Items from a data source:
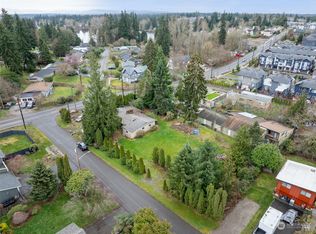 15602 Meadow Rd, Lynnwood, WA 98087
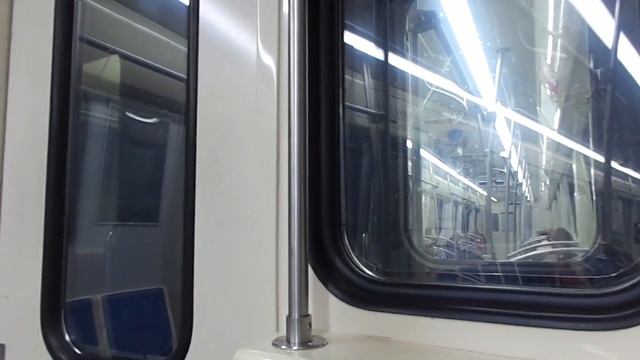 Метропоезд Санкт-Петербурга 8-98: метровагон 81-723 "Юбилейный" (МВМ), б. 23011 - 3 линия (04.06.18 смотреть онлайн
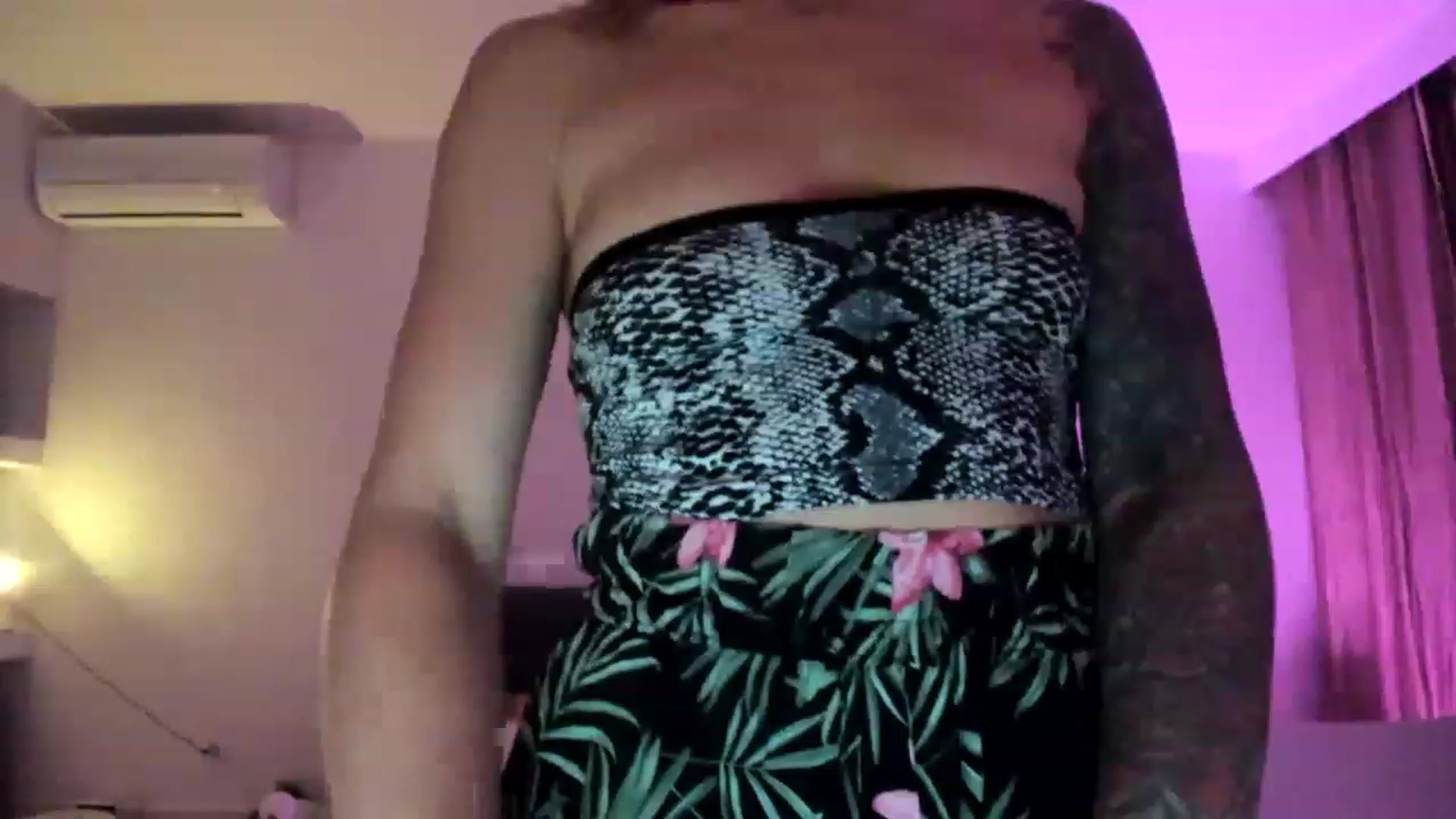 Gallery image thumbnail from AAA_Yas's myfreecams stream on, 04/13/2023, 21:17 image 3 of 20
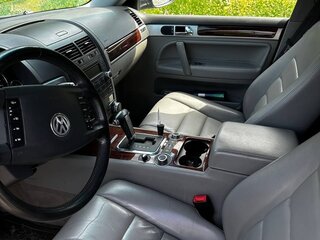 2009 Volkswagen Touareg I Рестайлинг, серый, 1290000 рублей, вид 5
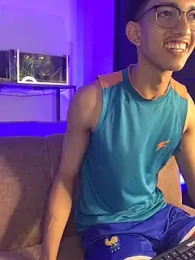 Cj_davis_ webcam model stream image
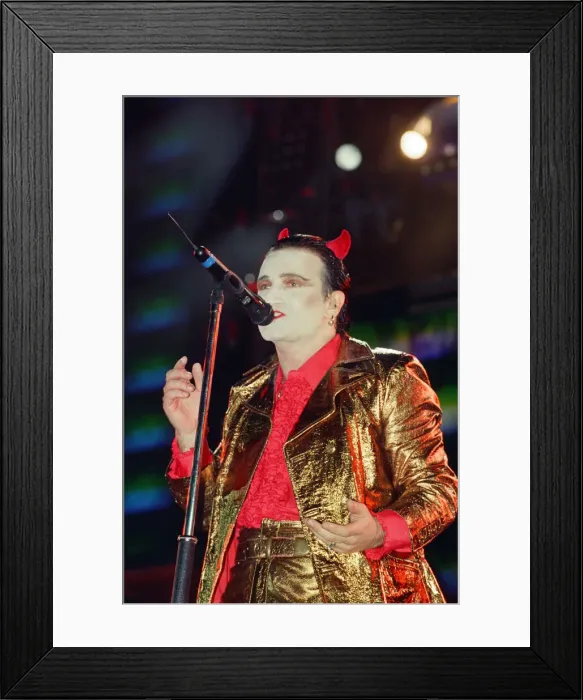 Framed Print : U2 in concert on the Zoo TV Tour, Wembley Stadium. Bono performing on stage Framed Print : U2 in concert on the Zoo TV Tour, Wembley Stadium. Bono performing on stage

Work order:
Restate all entries above exactly, but not the images.

Expected answer:
 15602 Meadow Rd, Lynnwood, WA 98087
 Метропоезд Санкт-Петербурга 8-98: метровагон 81-723 "Юбилейный" (МВМ), б. 23011 - 3 линия (04.06.18 смотреть онлайн
 Gallery image thumbnail from AAA_Yas's myfreecams stream on, 04/13/2023, 21:17 image 3 of 20
 2009 Volkswagen Touareg I Рестайлинг, серый, 1290000 рублей, вид 5
 Cj_davis_ webcam model stream image
 Framed Print : U2 in concert on the Zoo TV Tour, Wembley Stadium. Bono performing on stage Framed Print : U2 in concert on the Zoo TV Tour, Wembley Stadium. Bono performing on stage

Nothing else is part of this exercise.